Another economic report on Thursday showed a worrisome decline in consumer prices during the second quarter.
Together, the data offers a challenge for the Federal Reserve, which wants to see more solid evidence that the U.S. economy is gaining momentum before it scales back a bond-buying stimulus program.
The Fed last week flagged a rise in interest rates as a threat to the economy, and also said that employment and inflation remain too weak.
The National Association of Realtors said its Pending Homes Sales Index, based on contracts signed last month, decreased 1.6 percent last month.
The decline, which was steeper than economists had expected, was the latest sign that a sharp rise in mortgage rates have put a significant dent in the U.S. housing market recovery.
Mortgage rates have shot up since May and pushed potential home buyers out of the market. Contracts fell across most of the country, with gains only in the Northeast.
The U.S. housing market was battered by the 2007-09 recession but appeared to turn a corner early last year.
At the same time, labour market data was more positive.
Initial claims for state unemployment benefits dropped 5,000 last week to a seasonally adjusted 305,000, the Labour Department said.
The drop in claims could bode well for employers adding workers to their payrolls and sooth some of the Fed's concerns.
"Claims are signalling further acceleration in payrolls gains," said Jim O'Sullivan, an economist at High Frequency Economics in Valhalla, New York.
Economists polled by Reuters had expected the number of new claims to rise last week, and the decline fuelled gains in stock prices and yields on U.S. government debt.
The reading gives a clearer view of the labour market's health after an update in government computer systems in California and Nevada threw claims data into disarray earlier this month.
The updates created a backlog in unprocessed claims that had been distorting the data, but a Labour Department analyst said both states had reported they had caught up in counting new filings.
The four-week average of new claims, which smoothes out weekly volatility, fell 7,000 to 308,000, the lowest level since June 2007.
In a separate report, the Commerce Department said prices for goods and services purchased by U.S. households fell in the second quarter for the first time in four years.
That is worrisome because it suggests demand in the economy is so weak that businesses have little leverage to raise prices.
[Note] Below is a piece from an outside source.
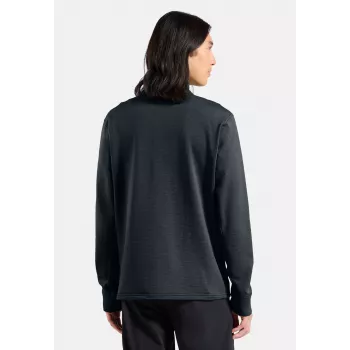 Odlo Grid Fleece Mid Layer Full Zip Jacket - Black Melange, Size L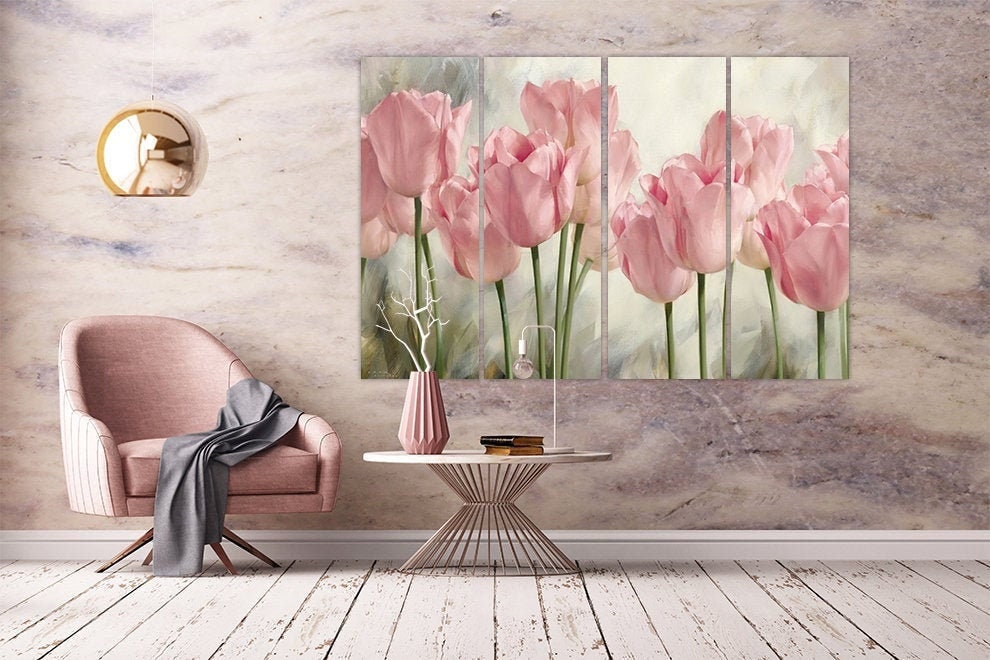 Pink tulips Flowers wall art paintings on canvas home wall | Etsy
Bernanke has said the Fed doesn't want to end its bond-buying stimulus program until inflation begins to trend higher.
It was the first decline since the first quarter of 2009, which were some of the darkest days of the 2007-09 recession.
Even stripping out volatile food and energy costs, prices rose at only a 0.6 percent rate, also the weakest reading for this so-called core category since early 2009.
"The (price) data therefore look likely to further dissuade policymakers that the economy is ready to withstand any tapering of the Fed asset purchases program," said Chris Williamson, an economist at Markit.
The same report showed the government holding unchanged its estimate for growth in gross domestic product, a measure of all the goods and services produced in the economy, which expanded at a 2.5 percent annual rate between April and June.